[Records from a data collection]
────────

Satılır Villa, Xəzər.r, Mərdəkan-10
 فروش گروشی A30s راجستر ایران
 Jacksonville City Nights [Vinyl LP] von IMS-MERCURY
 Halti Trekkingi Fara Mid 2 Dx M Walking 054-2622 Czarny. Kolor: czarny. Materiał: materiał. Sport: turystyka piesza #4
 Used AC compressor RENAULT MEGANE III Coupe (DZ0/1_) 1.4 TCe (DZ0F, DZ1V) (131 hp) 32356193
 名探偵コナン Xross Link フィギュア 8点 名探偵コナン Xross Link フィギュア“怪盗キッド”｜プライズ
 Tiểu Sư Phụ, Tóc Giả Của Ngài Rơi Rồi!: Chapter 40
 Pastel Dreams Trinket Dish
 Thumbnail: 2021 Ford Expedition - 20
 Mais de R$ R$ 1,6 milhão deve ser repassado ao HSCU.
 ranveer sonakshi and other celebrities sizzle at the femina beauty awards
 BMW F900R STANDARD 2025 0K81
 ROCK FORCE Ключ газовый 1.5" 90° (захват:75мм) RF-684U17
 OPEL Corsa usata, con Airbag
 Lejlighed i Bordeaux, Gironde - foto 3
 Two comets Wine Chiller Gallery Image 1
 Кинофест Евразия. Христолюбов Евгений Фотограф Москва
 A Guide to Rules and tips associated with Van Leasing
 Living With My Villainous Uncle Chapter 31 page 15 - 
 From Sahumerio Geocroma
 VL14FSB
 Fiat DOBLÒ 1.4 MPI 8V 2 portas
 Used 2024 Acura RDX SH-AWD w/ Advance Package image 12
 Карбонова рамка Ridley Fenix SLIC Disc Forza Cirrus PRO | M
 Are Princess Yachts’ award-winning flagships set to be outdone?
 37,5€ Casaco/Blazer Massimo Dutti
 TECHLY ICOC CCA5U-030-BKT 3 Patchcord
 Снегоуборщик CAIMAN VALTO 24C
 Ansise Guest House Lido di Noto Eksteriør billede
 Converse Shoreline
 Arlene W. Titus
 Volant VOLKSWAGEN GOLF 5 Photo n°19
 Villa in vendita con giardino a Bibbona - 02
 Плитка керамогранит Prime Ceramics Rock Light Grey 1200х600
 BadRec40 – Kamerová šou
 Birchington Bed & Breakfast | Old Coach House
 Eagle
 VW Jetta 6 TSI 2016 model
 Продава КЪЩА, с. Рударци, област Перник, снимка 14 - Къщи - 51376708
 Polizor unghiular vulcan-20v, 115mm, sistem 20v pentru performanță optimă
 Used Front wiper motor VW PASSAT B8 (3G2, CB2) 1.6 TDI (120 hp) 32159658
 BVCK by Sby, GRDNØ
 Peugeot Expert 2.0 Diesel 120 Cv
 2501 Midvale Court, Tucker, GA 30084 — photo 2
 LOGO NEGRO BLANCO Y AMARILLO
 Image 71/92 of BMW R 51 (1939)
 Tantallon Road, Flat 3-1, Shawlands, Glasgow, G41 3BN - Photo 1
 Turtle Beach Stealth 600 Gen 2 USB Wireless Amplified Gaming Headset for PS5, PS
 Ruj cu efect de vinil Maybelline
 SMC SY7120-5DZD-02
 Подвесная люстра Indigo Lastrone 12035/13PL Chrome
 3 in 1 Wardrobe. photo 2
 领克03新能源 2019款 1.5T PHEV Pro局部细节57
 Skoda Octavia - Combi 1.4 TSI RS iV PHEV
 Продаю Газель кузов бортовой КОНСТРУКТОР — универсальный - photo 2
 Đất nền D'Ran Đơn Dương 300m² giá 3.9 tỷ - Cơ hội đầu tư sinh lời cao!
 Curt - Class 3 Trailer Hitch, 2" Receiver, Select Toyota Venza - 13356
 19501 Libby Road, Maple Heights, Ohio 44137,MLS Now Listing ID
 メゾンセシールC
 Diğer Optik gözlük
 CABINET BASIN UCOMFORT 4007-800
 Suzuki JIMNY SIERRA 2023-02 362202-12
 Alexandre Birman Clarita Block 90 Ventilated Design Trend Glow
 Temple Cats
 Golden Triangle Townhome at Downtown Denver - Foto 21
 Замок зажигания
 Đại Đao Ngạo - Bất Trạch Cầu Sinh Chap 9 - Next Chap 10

────────

*WHAT YOU SHOULD DO*:
Copy exactly the stretch of data above from the line with "Ansise Guest House" through the line with "LOGO NEGRO BLANCO Y AMARILLO", and omit all other lines.

*SOLUTION TO THE EXERCISE*:
 Ansise Guest House Lido di Noto Eksteriør billede
 Converse Shoreline
 Arlene W. Titus
 Volant VOLKSWAGEN GOLF 5 Photo n°19
 Villa in vendita con giardino a Bibbona - 02
 Плитка керамогранит Prime Ceramics Rock Light Grey 1200х600
 BadRec40 – Kamerová šou
 Birchington Bed & Breakfast | Old Coach House
 Eagle
 VW Jetta 6 TSI 2016 model
 Продава КЪЩА, с. Рударци, област Перник, снимка 14 - Къщи - 51376708
 Polizor unghiular vulcan-20v, 115mm, sistem 20v pentru performanță optimă
 Used Front wiper motor VW PASSAT B8 (3G2, CB2) 1.6 TDI (120 hp) 32159658
 BVCK by Sby, GRDNØ
 Peugeot Expert 2.0 Diesel 120 Cv
 2501 Midvale Court, Tucker, GA 30084 — photo 2
 LOGO NEGRO BLANCO Y AMARILLO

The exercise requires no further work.